А меж тем в завершенном фильме кадров этих не было — кажется, их так и не удалось снять. Было предостаточно других удивительных вещей — чего стоили музыканты во фраках, исполняющие начало 40-й симфонии Моцарта на платформе поезда, уходящего на фронт! А уж Антигона-Елена Камбурова, выкликающая гекзаметры античной трагедии, идя вдоль колес стоящего на парах паровоза...
Но те, так и не снятые, кадры с красным конем под струями дождя — это же общий знаменатель и рашеевского «Бумбараша», и «Интервенции» Геннадия Полоки, и «Белого солнца пустыни» Владимира Мотыля (недаром же двое последних создали «Клуб друзей „Бумбараша“») и «Автомобиля на крыше» Дмитрия Кесаянца, их армянского собрата, так критикой и незамеченного. Образ исчерпывающей полноты — не образ даже, а исчерпывающая в своем совершенстве формулировка!
А может, совершенство замысла отсутствие этого эпизода и объясняет? Не таится ли в самом совершенстве определенная угроза? Не закрывает ли оно дальнейшее продвижение в заданном направлении, не отменяет ли его?
[...]
О кинематографе Николая Рашеева с его создателем мы спорили с точки зрения, так сказать, кинопроцесса. В книге же речь о нем ведется в контексте биографии автора — то есть процесса жизненного. А в таком контексте осуществленное и неосуществленное — то, о чем лишь мечталось — практически равноправны в качестве ее фактов. Поэтому ее самое можно представить в качестве фильма, где реализованное и задуманное входит на равных: здесь все кадры — выстраданные и снятые, неснятых нет.
Утверждение, что биография художника сама по себе есть творческий акт и в этом смысле представляет еще один его сюжет, слишком общо, а потому и неточно.
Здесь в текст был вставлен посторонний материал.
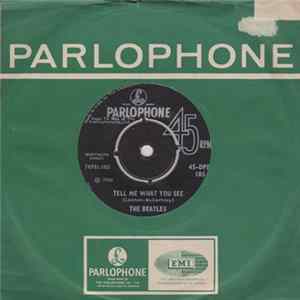 The Beatles - Tell Me What You See / You Like Me Too Much FLAC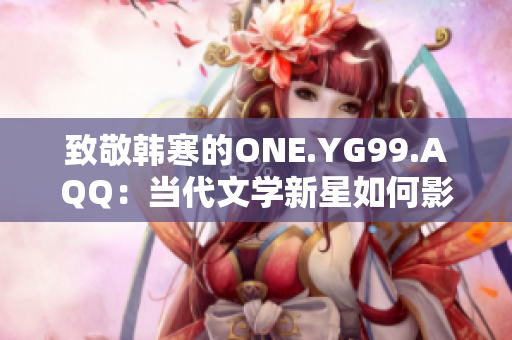 致敬韩寒的ONE.YG99.AQQ：当代文学新星如何影响年轻一代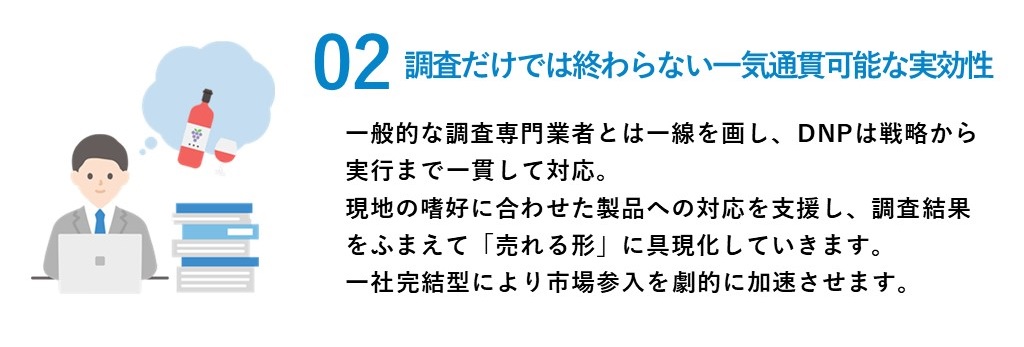 2.調査だけでは終わらない、一気貫通可能な実効性。一般的な調査専門業者とは一線を画し、DNPは販路開拓での商談、獲得までを対応。現地の嗜好に合わせた製品への対応を支援し、「売れる形」に具現化していきます。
Но применительно к отечественному опыту общий сюжет более полутораста лет назад сформулирован Герценом как «отражение истории в человеке, случайно попавшемся на ее дороге». Именно их взаимодействие рождает сюжет и делает его значимым.
В советский период эта специфика проявилась с особой наглядностью. Поколение шестидесятников, к которому принадлежит Николай Рашеев, — это дети исторических потрясений.
В прямом смысле. Отцами их были в большинстве те, кто непосредственно осуществлял революционный переворот, потрясая основы мира. И в большинстве же сами стали жертвой этих потрясений, оставив детям клеймо «сын врага народа» и обостренный, почти мучительный интерес к революционной эпохе, ее людям и языку.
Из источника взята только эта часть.